» What to do: Exactly as written, return all the data, leaving its pictures behind.

» Input data:
▬▬▬▬▬▬▬▬▬▬

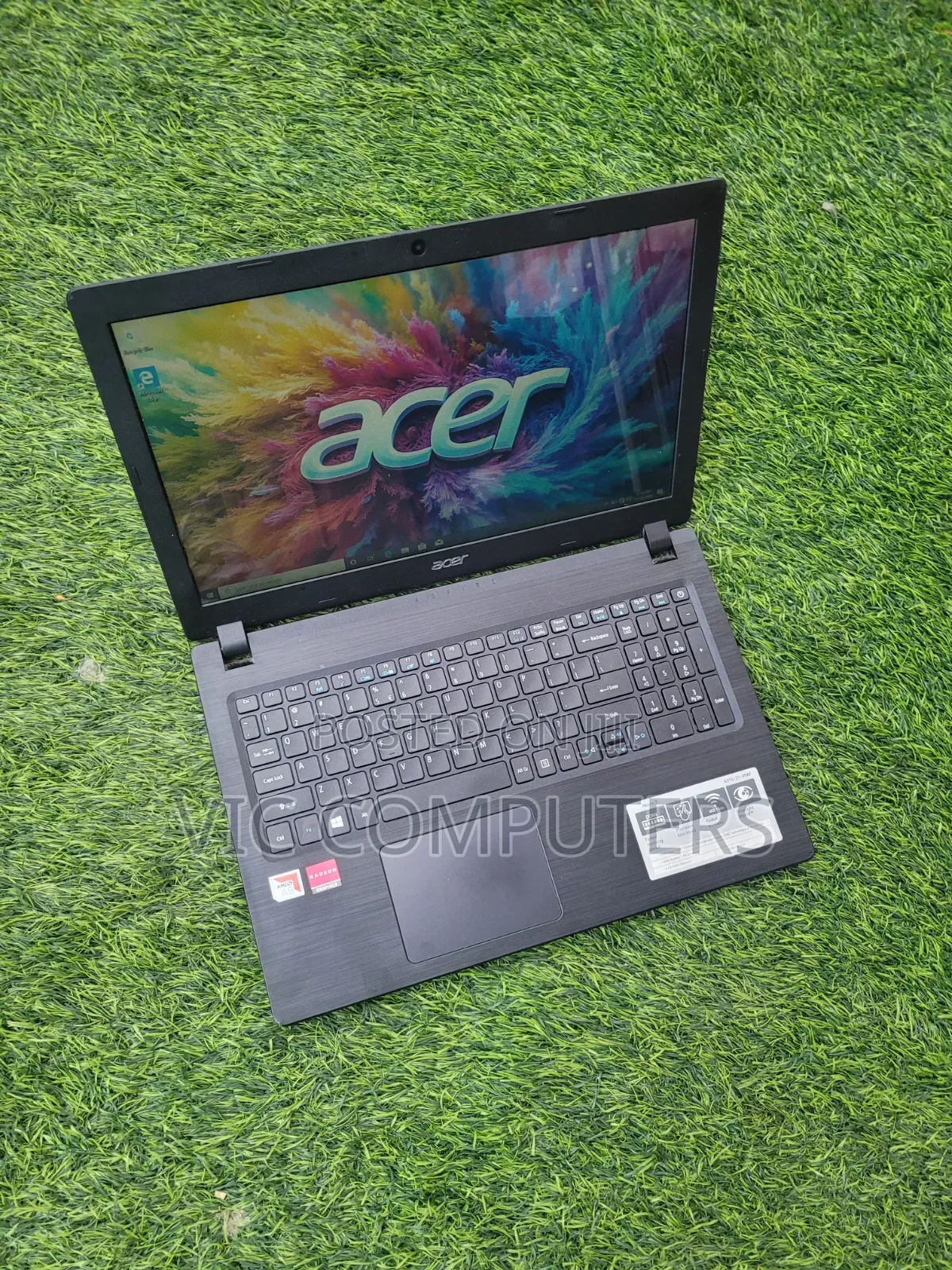 Laptop Acer Aspire 3 6GB AMD A10 HDD 1T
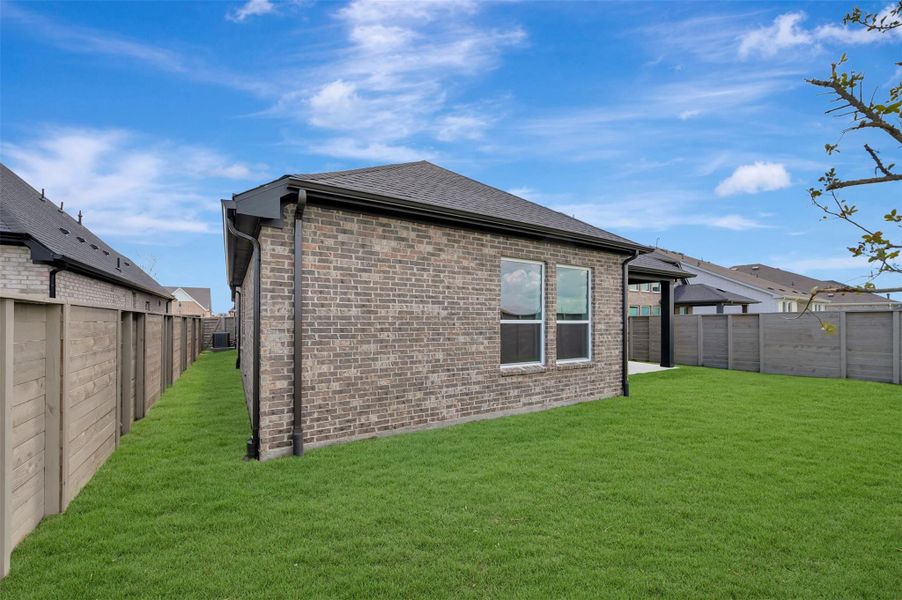 Exterior details and patio area of a home in , League City (Image 3).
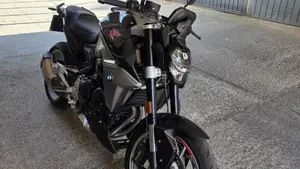 Bmw F 900 R (2021 - 24)  (3)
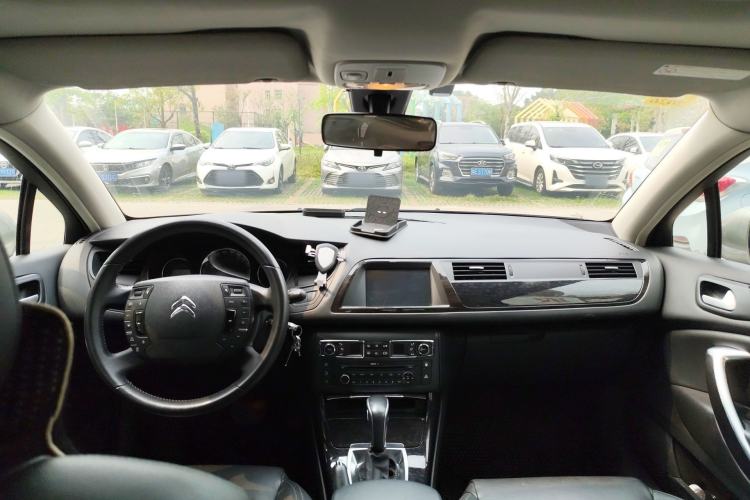 Used Citroen C5 2013 2.3L Automatic Zunyu Model Center Console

▬▬▬▬▬▬▬▬▬▬

» The answer:
 Laptop Acer Aspire 3 6GB AMD A10 HDD 1T
 Exterior details and patio area of a home in , League City (Image 3).
 Bmw F 900 R (2021 - 24)  (3)
 Used Citroen C5 2013 2.3L Automatic Zunyu Model Center Console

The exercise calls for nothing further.